Variational Autoencoders (VAEs)

← Back to Glossary

Variational Autoencoders (VAEs)

Variational Autoencoders (VAEs) are a type of generative model that leverage deep learning techniques to learn a probabilistic representation of data. VAEs are particularly useful for tasks such as unsupervised learning, dimensionality reduction, and generating new samples from the learned data distribution. In this glossary entry, we will discuss the key concepts and components of VAEs, including the encoder, decoder, latent space, and the variational inference technique used for training.

Encoder

The encoder is a neural network that takes an input data point and maps it to a lower-dimensional latent space. The encoder learns to approximate the posterior distribution of the latent variables given the input data, denoted as q(z|x). In VAEs, the encoder outputs two sets of parameters: the mean (μ) and the log variance (log(σ²)) of a Gaussian distribution. These parameters define the distribution of the latent variables for a given input data point.

Latent Space

The latent space is a lower-dimensional representation of the input data, where each point in the latent space corresponds to a unique encoding of an input data point. VAEs assume that the data can be generated by sampling from a continuous and differentiable distribution in the latent space. This assumption allows VAEs to generate new data points by sampling from the latent space and decoding the samples back into the original data space.

Decoder

The decoder is another neural network that takes a point in the latent space and maps it back to the original data space. The decoder learns to approximate the likelihood of the data given the latent variables, denoted as p(x|z). In VAEs, the decoder outputs the parameters of a distribution in the data space, which can be used to reconstruct the input data point from the latent space representation.

Variational Inference

Variational inference is a technique used to approximate intractable posterior distributions in Bayesian models. In the context of VAEs, variational inference is used to optimize the encoder and decoder networks by minimizing the difference between the true posterior distribution p(z|x) and the approximate posterior distribution q(z|x) learned by the encoder. This difference is measured using the Kullback-Leibler (KL) divergence, which quantifies the dissimilarity between two probability distributions.

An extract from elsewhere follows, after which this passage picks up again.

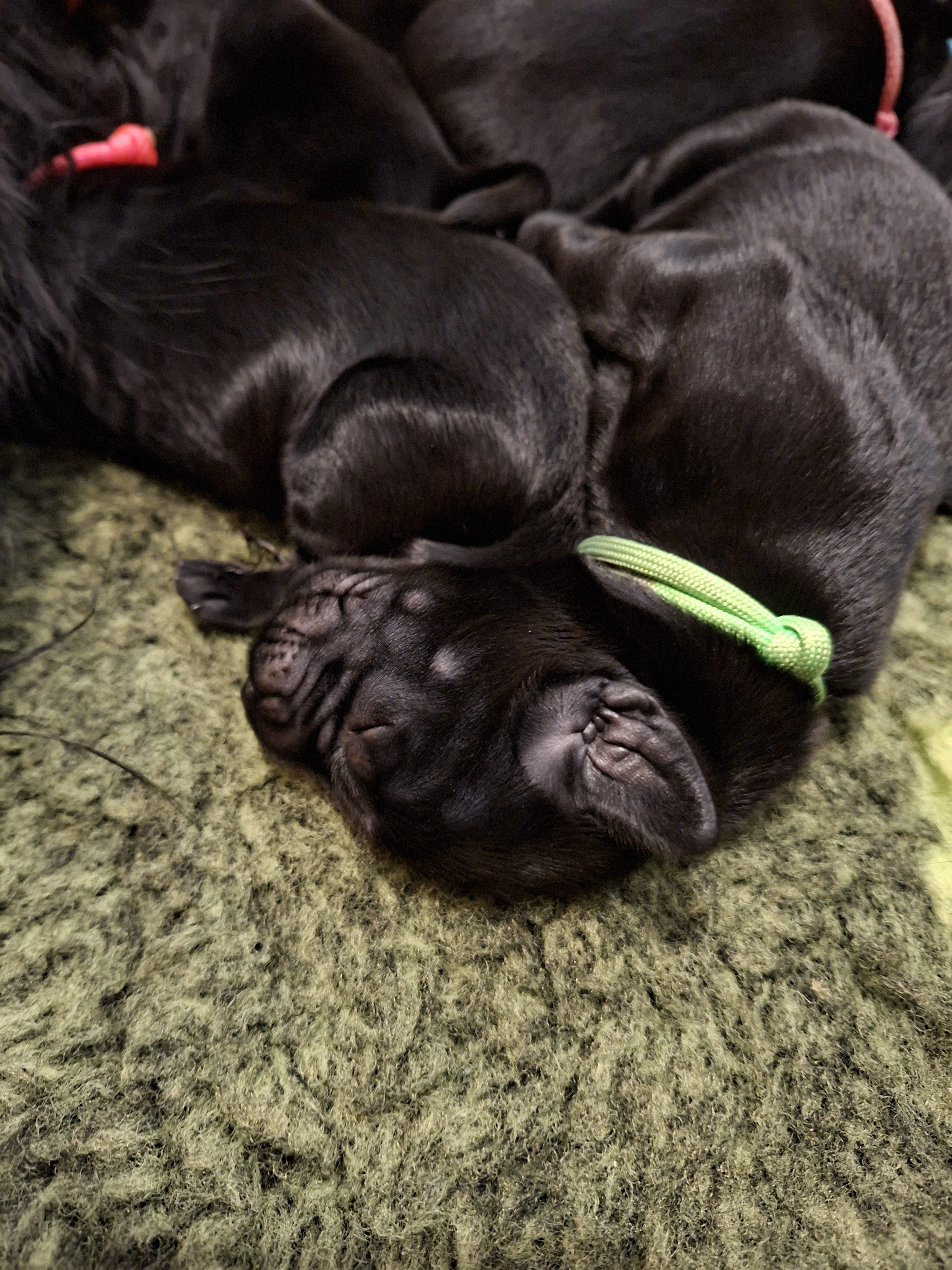 Štěně Flatcoated retriever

The objective function for VAEs, known as the Evidence Lower BOund (ELBO), consists of two terms: the reconstruction loss and the KL divergence. The reconstruction loss measures the difference between the input data and the reconstructed data, while the KL divergence measures the difference between the true and approximate posterior distributions. By maximizing the ELBO, VAEs learn to generate accurate reconstructions of the input data while maintaining a smooth and continuous latent space.

Training VAEs

Training VAEs involves optimizing the encoder and decoder networks using stochastic gradient descent (SGD) or other optimization algorithms. During training, the encoder network takes an input data point and outputs the parameters of the approximate posterior distribution q(z|x). A sample is then drawn from this distribution and passed through the decoder network to generate a reconstruction of the input data point. The ELBO is computed for each data point, and the gradients of the ELBO with respect to the network parameters are used to update the encoder and decoder networks.

In summary, Variational Autoencoders (VAEs) are powerful generative models that learn a probabilistic representation of data using deep learning techniques. VAEs consist of an encoder and a decoder network, which map data points between the original data space and a lower-dimensional latent space. The training of VAEs is based on the variational inference technique, which optimizes the encoder and decoder networks by minimizing the difference between the true and approximate posterior distributions. VAEs have numerous applications in unsupervised learning, dimensionality reduction, and data generation.